▶ Task to carry out: Give back exactly the lines of the material below that start at the line containing "Кулер для процессора" and end at the line containing "4.0 TFSI RS 6 quattro Pano Milltek Bose", and no others.

----- Source material

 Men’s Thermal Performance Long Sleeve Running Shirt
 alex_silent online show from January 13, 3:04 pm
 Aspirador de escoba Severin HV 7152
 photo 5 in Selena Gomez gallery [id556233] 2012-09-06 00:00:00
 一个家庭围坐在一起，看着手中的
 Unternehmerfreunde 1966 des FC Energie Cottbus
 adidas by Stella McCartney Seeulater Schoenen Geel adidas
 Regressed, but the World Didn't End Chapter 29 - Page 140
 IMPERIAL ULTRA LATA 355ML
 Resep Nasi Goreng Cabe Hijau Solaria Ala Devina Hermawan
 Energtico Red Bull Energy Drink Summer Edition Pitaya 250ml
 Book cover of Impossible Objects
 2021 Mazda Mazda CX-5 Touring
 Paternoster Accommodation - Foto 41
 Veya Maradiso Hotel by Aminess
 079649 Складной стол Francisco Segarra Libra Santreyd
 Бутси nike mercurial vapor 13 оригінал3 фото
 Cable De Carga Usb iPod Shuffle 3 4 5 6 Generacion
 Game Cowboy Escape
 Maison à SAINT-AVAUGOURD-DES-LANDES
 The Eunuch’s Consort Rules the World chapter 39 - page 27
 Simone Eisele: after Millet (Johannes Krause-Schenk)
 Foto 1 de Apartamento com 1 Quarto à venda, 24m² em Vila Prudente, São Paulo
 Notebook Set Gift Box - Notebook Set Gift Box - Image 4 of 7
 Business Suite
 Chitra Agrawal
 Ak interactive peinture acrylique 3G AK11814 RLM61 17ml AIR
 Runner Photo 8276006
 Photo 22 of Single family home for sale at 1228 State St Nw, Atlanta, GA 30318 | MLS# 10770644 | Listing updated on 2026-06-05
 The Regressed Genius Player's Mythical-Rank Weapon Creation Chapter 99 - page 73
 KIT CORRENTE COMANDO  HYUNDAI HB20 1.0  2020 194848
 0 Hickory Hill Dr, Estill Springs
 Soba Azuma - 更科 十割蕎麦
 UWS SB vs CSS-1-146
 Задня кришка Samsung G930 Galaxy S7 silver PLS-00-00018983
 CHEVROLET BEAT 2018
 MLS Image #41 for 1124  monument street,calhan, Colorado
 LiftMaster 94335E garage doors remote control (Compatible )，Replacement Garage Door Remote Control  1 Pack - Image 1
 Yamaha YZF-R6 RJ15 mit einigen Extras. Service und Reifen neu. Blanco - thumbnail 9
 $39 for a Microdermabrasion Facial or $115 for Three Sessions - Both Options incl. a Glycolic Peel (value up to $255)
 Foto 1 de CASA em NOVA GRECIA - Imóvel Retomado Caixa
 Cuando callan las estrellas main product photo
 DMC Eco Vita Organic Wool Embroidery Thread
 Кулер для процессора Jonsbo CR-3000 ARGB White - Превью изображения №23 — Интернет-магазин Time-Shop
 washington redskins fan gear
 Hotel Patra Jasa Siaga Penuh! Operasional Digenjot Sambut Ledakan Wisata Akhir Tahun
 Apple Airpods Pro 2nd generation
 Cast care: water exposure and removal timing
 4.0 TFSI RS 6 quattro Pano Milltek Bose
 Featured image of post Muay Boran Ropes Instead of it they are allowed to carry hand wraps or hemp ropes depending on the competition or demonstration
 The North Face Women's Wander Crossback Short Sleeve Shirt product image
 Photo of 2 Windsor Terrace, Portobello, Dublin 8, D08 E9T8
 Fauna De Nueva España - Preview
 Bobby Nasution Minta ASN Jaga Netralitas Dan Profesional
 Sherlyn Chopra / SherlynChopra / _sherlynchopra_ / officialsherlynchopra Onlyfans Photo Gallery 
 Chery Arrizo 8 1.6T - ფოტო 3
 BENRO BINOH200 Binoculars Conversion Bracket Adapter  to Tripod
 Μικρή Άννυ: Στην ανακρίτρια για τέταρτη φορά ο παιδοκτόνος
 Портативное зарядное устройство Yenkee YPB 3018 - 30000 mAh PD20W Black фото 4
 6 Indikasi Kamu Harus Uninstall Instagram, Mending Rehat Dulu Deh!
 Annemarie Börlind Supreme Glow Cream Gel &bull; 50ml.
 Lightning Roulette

----------

▶ Your solution:
 Кулер для процессора Jonsbo CR-3000 ARGB White - Превью изображения №23 — Интернет-магазин Time-Shop
 washington redskins fan gear
 Hotel Patra Jasa Siaga Penuh! Operasional Digenjot Sambut Ledakan Wisata Akhir Tahun
 Apple Airpods Pro 2nd generation
 Cast care: water exposure and removal timing
 4.0 TFSI RS 6 quattro Pano Milltek Bose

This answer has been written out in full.